Each of these integrations includes code that demonstrates how to use hardware features that support secure operation. Each board has two key capabilities implemented in its hardware: keeping critical code unchanged, and keeping cryptographic keys hidden. This core functionality is designed to create a hardware-based root of trust, a foundation that supports software security features. The FreeRTOS IoT integration software builds a more secure boot process, a verifiable device identity, and a firmware update system on top of it.

Secure boot ensures that when a device starts, the application software is checked for authenticity before it starts running. Each FreeRTOS IoT integration board embeds an unchangeable boot loader directly in hardware. This boot loader is the first code that runs when the device starts, and it can be trusted because it can’t be modified due to a security vulnerability or operational mistake. The boot loader’s only job is to validate the authenticity of the OEM supplied firmware image, and then run it if the image is authentic.

The validation step uses a pair of cryptographic keys to implement a code-signing system.

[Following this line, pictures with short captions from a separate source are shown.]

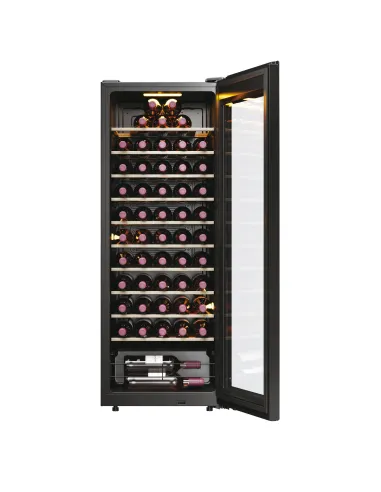 Haier Wine Bank 50 Serie 3 HWS58GGH1 Libera installazione Nero 58 bottiglia bottiglie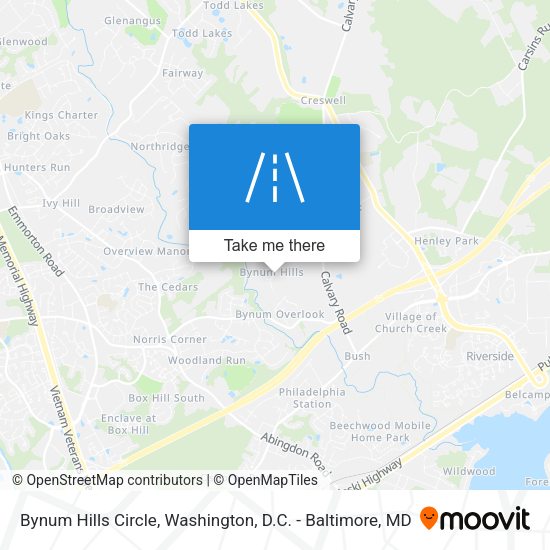 Bynum Hills Circle map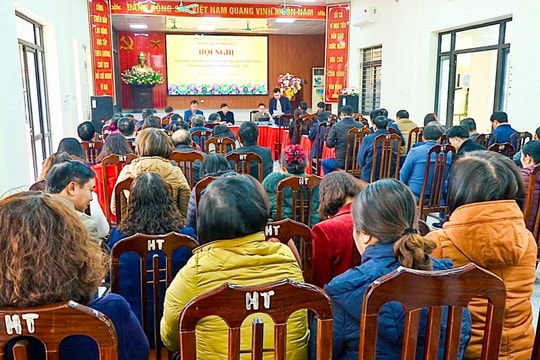 Hòa Xá: 100% đơn vị hoàn thành hội nghị cử tri, giới thiệu 56 nhân sự ứng cử HĐND xã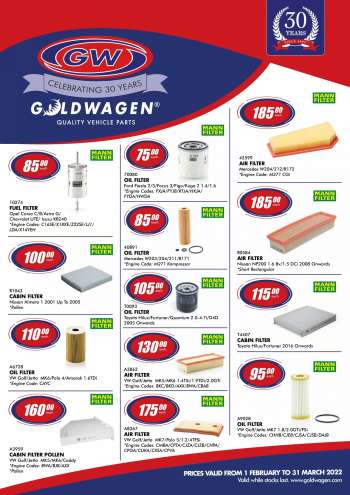 Goldwagen catalogue  - 01/02/2022 - 31/03/2022.
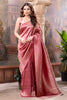 Rani Color Zari Woven Tissue Silk Saree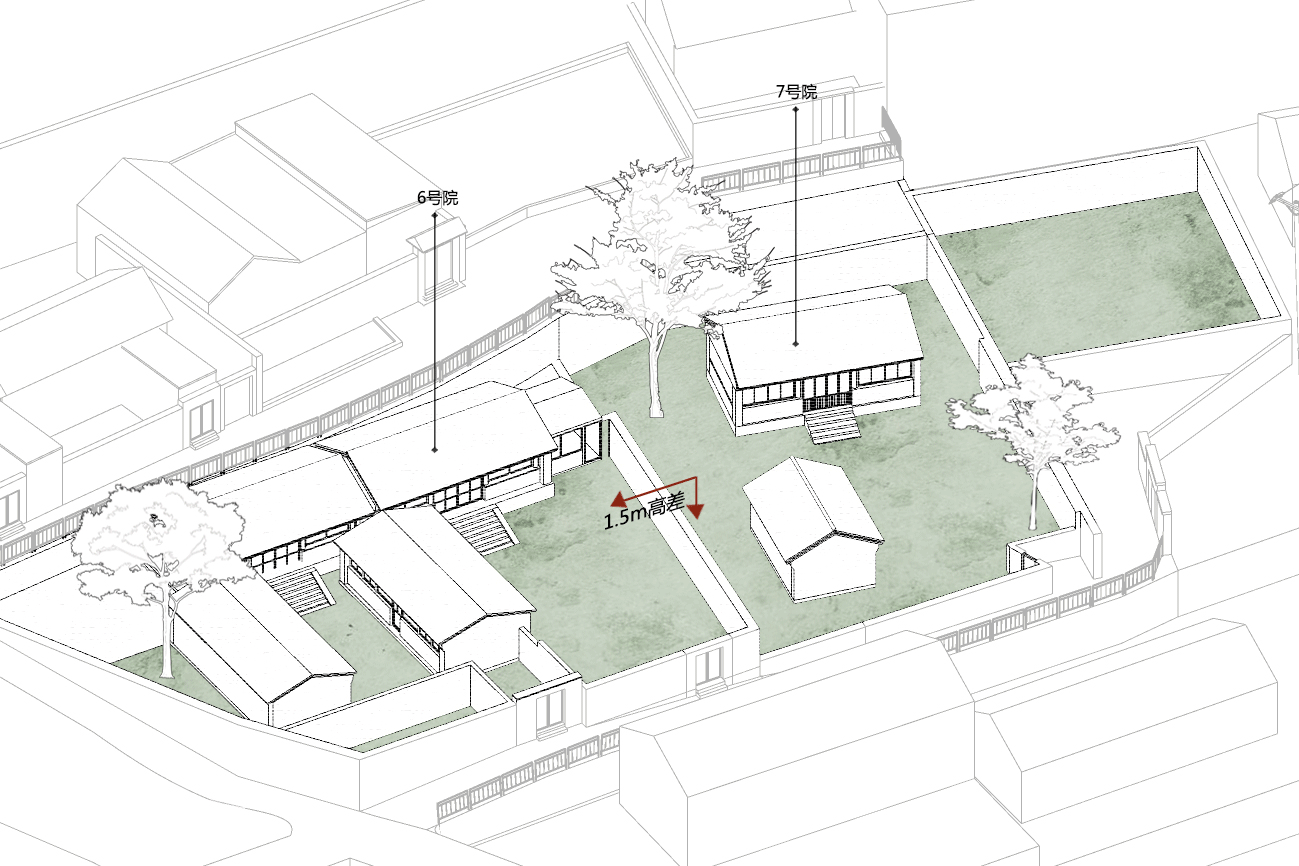 BIM建筑|伴山而居：后院•溜石港民宿 / GW空间设计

The details of the code-signing process vary across boards, but each implementation accomplishes the same thing– the OEM can ensure that only their own firmware will run on the board. An OEM cryptographically signs their firmware images using a private code-signing key, and the bootloader uses the corresponding public key to verify the signature. The private code-signing key is secret, and known only to the OEM. Therefore, only the OEM can sign new firmware images with this key. The public key is not secret, and can be stored on each device. The reference boards each provide a way to program the public code-signing key and then permanently freeze its value.

Secure boot

The board-specific documentation provided by the manufacturer includes a description of a simplified boot process with only one boot loader. The integrations add a second stage boot loader into the process, between the first stage boot loader in hardware, and the OEM firmware. The fundamentals of the two-stage process are the same. The first stage boot loader verifies a signature on the second stage boot loader, and the second stage loader verifies the OEM firmware signature. This two-stage boot allows the first boot loader to be extremely small, reducing cost and reducing the chances of building an unfixable bug into hardware. Since the second stage is a software image, it can be larger and can implement more features. For example, the second stage boot loaders can support two OEM firmware slots, one for the current firmware, and one for an update image.

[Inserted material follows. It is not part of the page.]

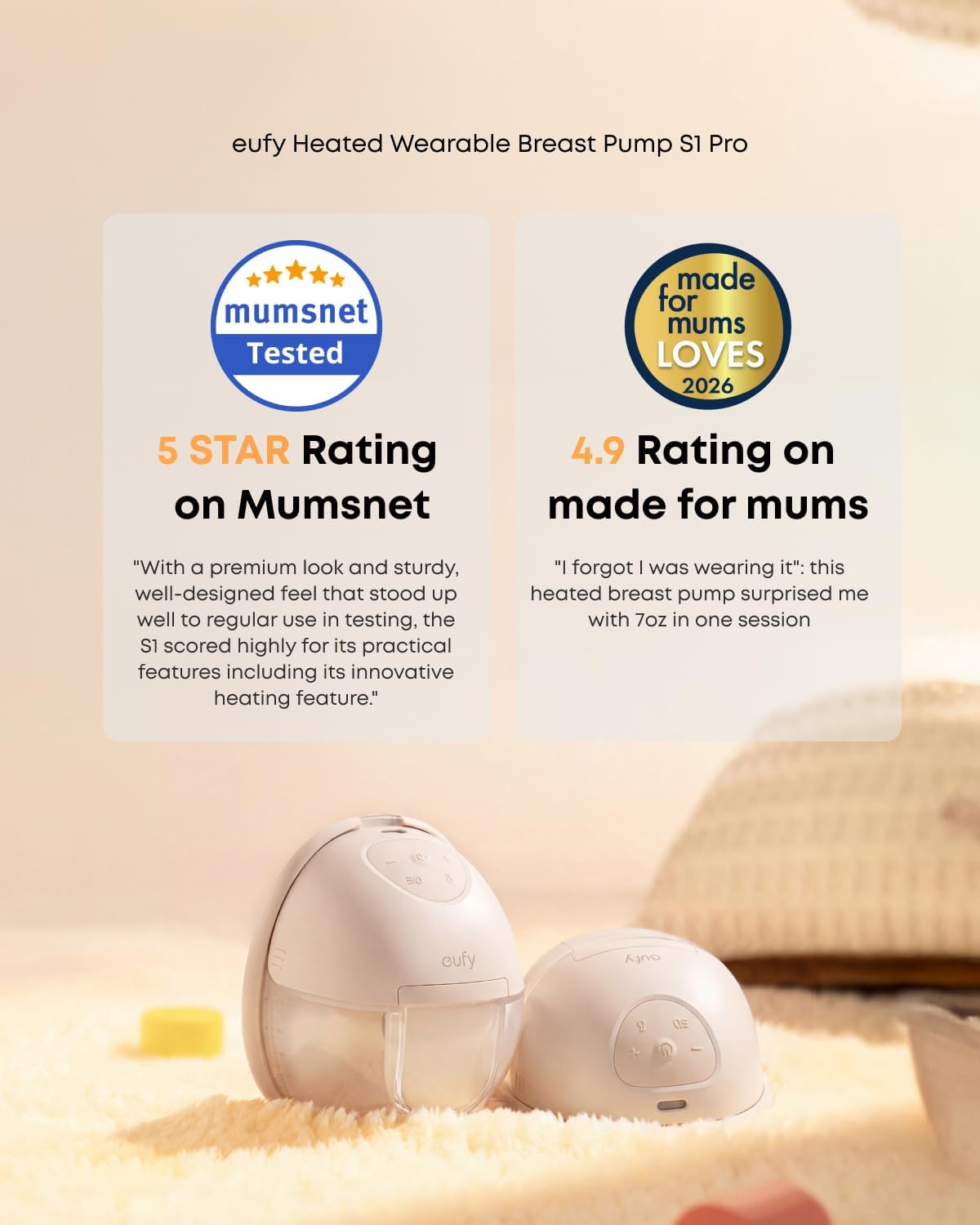 Thumbnail 2 de eufy Breast Pump S1 Pro wearable 300 mmHg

Secure, per-device identity and TLS

All devices that connect with AWS IoT are uniquely identified by a TLS Client Certificate. The client certificate tells the cloud which device it is talking to. Each device stores a unique TLS private key. Using a feature of the TLS protocol called Mutual Authentication, the device uses its private key to prove that it is the owner of its client certificate. (The authentication is mutual because TLS always verifies the identity of the server with another certificate.) For this system to be secure, each device must have its own unique certificate, and the private key must not leak outside the device. Each of the reference boards provides a secure store that holds the private key and never allows it to be read, even by software running on the same board! The FreeRTOS IoT integration software shows how to make TLS work without direct access to the private key.

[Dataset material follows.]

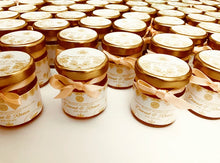 Load image into Gallery viewer, 100% 125g pure Honey Jars Personalised Wedding Favours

Over the Air (OTA) updates

The demo applications use the AWS IoT OTA library to receive updates from the AWS IoT OTA service for FreeRTOS. The OTA client software runs in a background task, waiting for update messages from the cloud. When an update notification arrives, the OTA client downloads the new image from the cloud, and validates the code-signing signature on the image. If the signature is valid, the new firmware image is marked as the active image, and the board is rebooted.